Na Escola Itinerante Valmir Motta de Oliveira, localizada em Jacarezinho-PR, as atividades foram diversas: trabalhos de pesquisa de representatividade negra na mídia; debates sobre as religiões de matriz africana e racismo; trabalhos com literatura afro-hispânica; construção de painéis, pinturas, máscaras africanas, brincadeiras e brinquedos e jogos afro, pintura facial, máscaras; estudo étnico do continente africano; construção de mapas étnicos; estudo da culinária afro-brasileiras; e dinâmicas para problematizar a questão de raça/etnia.

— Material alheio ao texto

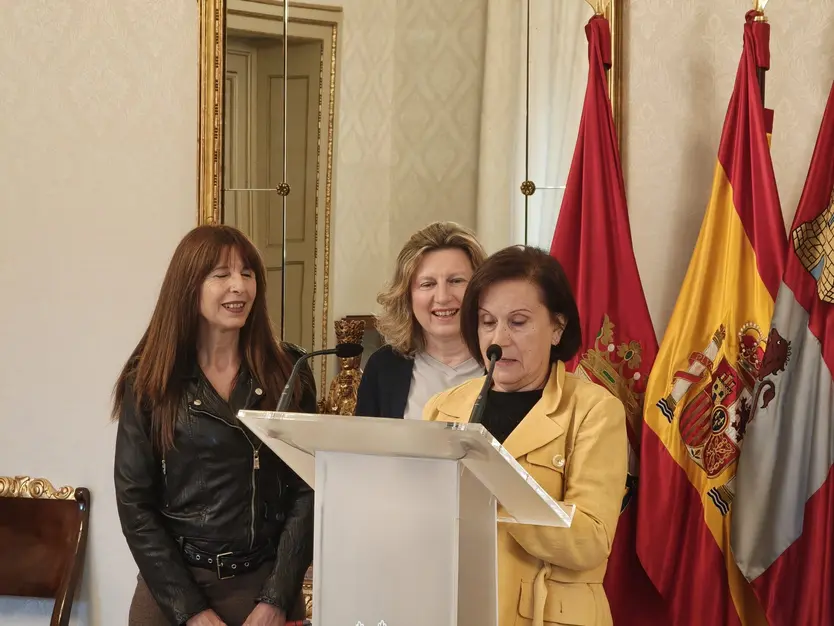 Ada, miembro de Retina Salamanca, celebra el Día Mundial de la Visión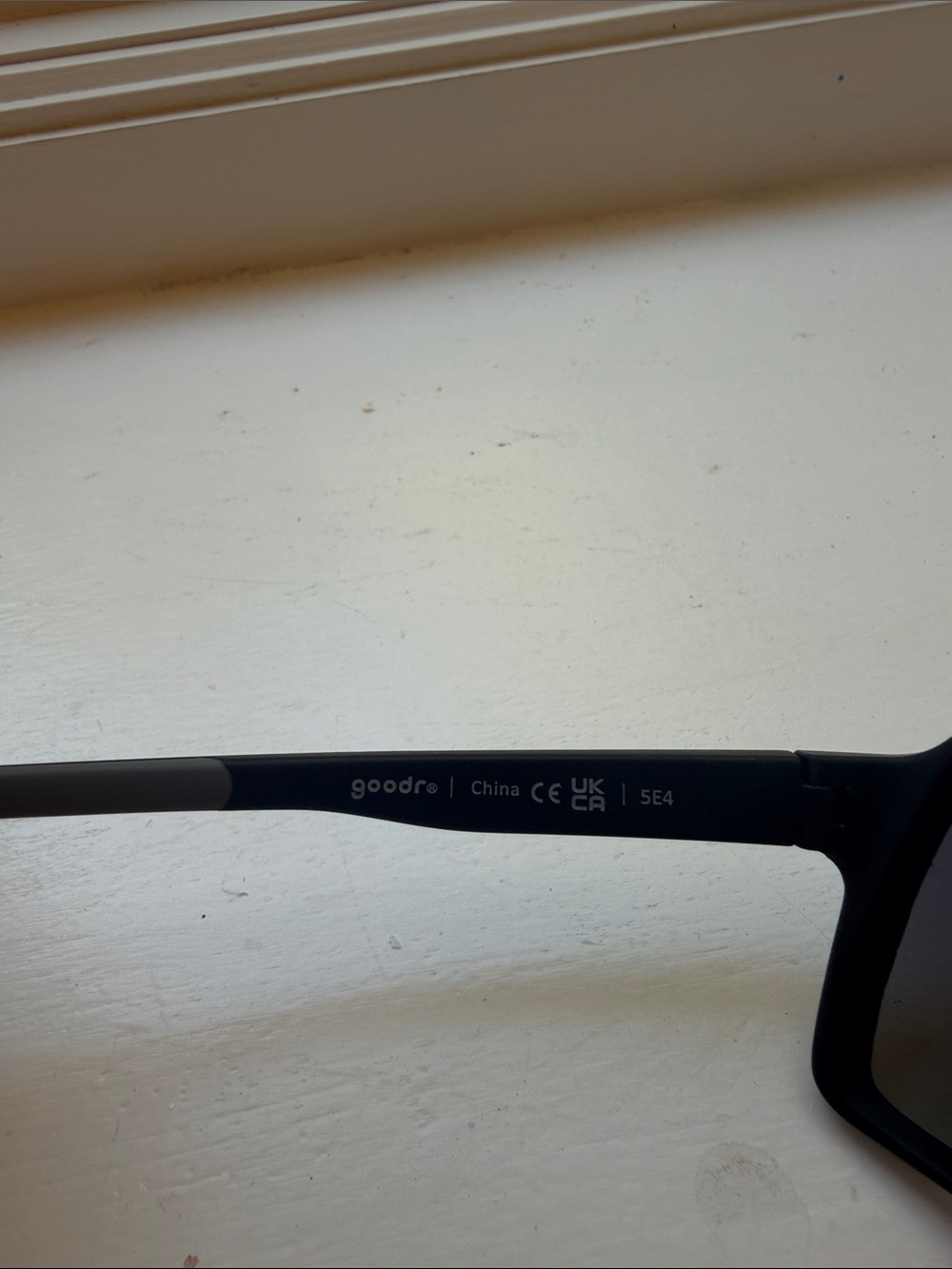 goodr unisex Black Sunglasses - Picture 4 of 5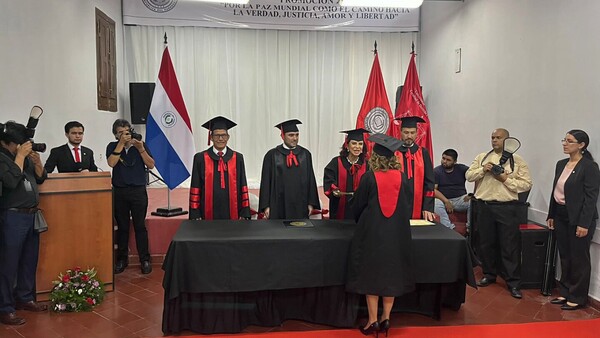 Egresados justifican a Jorge Bogarín y Myriam Peña lo tiene de aliado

Em Rio Bonito do Iguaçu, na Escola Itinerante Herdeiros do Saber II, localizada no acampamento Herdeiros da Terra de 1º de Maio, as atividades foram de leitura e interpretação de texto sobre a história do dia da Consciência Negra e a escravidão no Brasil, produção de cartazes, até a confecção de bonecas Abayomi – que tem origem iorubá, feitas em tecido preto. Depois de entender o significado e participarem da produção coletiva das bonecas, cada criança levou uma para casa.

“Esses processos formativos têm contribuído de maneira significativa na vida dos/as sujeitos, nos diferentes espaços. Seja no dia a dia da escola, da casa ou da comunidade. É necessário trabalhar esses temas permanentemente, já que o racismo, o preconceito e a discriminação ainda são recorrentes na sociedade que vivemos”, completa Luciane Olegário da Silva, dirigente do Setor de Educação do MST.